• **TASK PROMPT**:
When a line below contains the string "Used", show that line.

(Caption-style text data)
==*==

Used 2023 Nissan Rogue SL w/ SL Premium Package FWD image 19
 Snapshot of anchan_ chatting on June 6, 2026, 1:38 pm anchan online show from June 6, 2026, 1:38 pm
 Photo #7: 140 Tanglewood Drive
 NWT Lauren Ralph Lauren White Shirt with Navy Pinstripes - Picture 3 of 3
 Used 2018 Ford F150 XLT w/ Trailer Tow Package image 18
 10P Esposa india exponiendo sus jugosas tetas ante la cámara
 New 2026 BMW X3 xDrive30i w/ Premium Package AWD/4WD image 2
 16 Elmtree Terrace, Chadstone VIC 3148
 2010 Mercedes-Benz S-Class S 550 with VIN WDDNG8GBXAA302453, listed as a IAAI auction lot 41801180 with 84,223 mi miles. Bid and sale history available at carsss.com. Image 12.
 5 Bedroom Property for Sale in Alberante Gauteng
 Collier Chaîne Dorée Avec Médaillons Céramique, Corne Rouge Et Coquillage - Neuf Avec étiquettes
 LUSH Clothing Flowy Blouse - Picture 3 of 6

==*==

• **SOLUTION TO THIS EXERCISE**:
Used 2023 Nissan Rogue SL w/ SL Premium Package FWD image 19
 Used 2018 Ford F150 XLT w/ Trailer Tow Package image 18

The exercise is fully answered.